Either way, loving the story so far. Onto chapter two.
| Myrrhmaid chapter 7 . 8/24/2009
Ah cute story. I found the death of the god-guy a little anti-climactic.
Was Kalyca the cause of the storm or was it coincidence that it ended the moment she dissolved?
The little girl was an interesting character. She had a large vocabulary for a little girl, which made me wonder if plant-people have a different growth rate and she might be older than she looks.
The overall idea was quite unique and fed my imagination. Nice story.
| Myrrhmaid chapter 3 . 8/24/2009
Oh it's spelled right from here on, awesome. Spooky story so far. _
| Myrrhmaid chapter 1 . 8/23/2009
Okay, I've only read the first 4 paragraphs so far... But do you mean Orchard? 'Cause an orchid is a flower and it doesn't seem like he walked into an apple flower and started picking apples, then the flower went dark..

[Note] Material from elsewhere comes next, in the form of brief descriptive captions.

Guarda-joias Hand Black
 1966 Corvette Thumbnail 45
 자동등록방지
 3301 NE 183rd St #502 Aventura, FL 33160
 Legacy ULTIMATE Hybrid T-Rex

I'll keep reading 'cause the reviews are positive and it seems well-written but every time I see "orchid" I read it as the flower and it totally takes me out of the story, breaks the 4th wall and all that, and I have to twist my head around to picture an orchard instead of a flower.
It's a small thing to be picky about though, I know.
| HappyMe-O chapter 7 . 7/25/2009
Very cute Story! I'll have to check and see if you did that squel cus I relay would like toread one if thir is. It was a lovly story and I enjoyed it!
| BlackWingedAssassin chapter 7 . 7/6/2008
*whistle* Yaoi action! I was itching for this part to come!
| BlackWingedAssassin chapter 3 . 7/6/2008
Sanji's always so pervy. I do sometimes wonder if the creator can make him a bit of a better character. But, you kept his character. That's great.
| BlackWingedAssassin chapter 2 . 7/5/2008
Oh, the kidnapper is found.
| BlackWingedAssassin chapter 1 . 7/5/2008
Man, this is so descriptive. I love it. Thanks for uploading the chapter. I'm looking forward to reading more.